#### [Records to use]

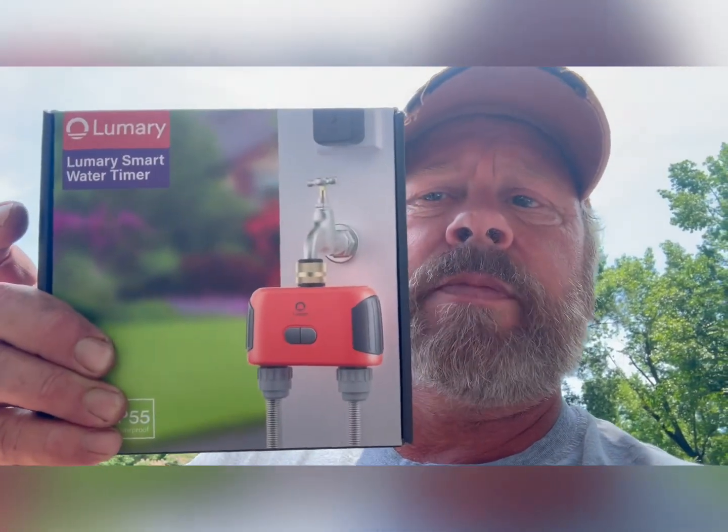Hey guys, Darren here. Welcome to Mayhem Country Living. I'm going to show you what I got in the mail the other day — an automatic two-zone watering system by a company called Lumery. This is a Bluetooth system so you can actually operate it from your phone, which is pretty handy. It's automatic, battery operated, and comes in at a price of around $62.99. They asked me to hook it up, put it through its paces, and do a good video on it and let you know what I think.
--
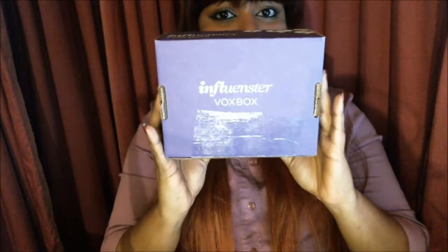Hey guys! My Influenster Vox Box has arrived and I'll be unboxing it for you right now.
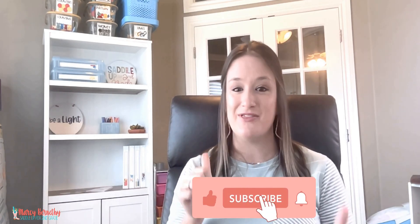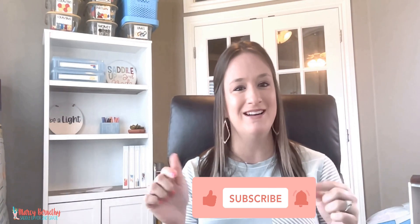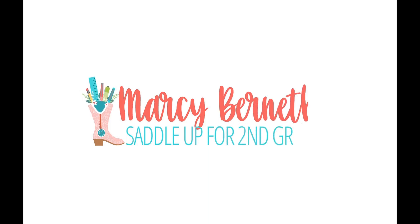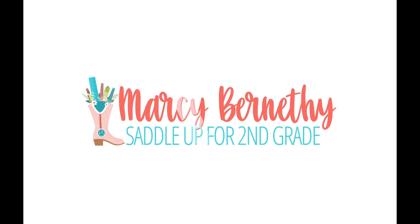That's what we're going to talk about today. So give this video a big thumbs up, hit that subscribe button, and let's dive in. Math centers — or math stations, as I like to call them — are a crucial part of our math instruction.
==
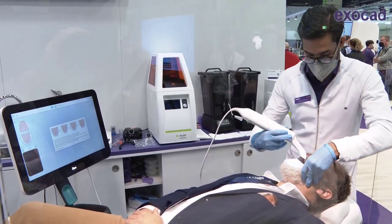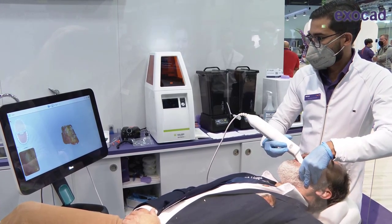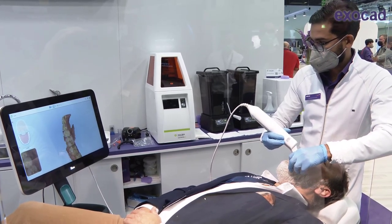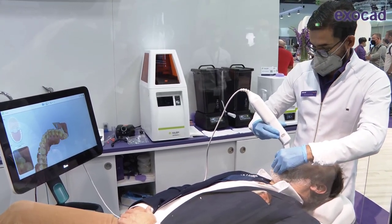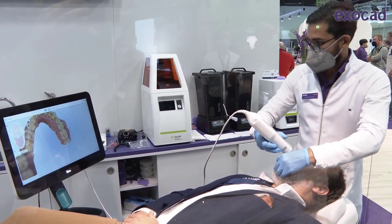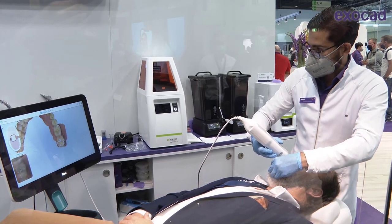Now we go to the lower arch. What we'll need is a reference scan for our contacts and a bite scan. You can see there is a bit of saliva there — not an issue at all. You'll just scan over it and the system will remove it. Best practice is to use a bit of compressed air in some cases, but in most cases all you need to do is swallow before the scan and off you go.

#### [Instructions to follow]
What you write must match the listing exactly, from the line with "Hey guys! My" up to and including the line with "That's what we're". Pictures stay out.

#### [Response box]
Hey guys! My Influenster Vox Box has arrived and I'll be unboxing it for you right now.
That's what we're going to talk about today. So give this video a big thumbs up, hit that subscribe button, and let's dive in. Math centers — or math stations, as I like to call them — are a crucial part of our math instruction.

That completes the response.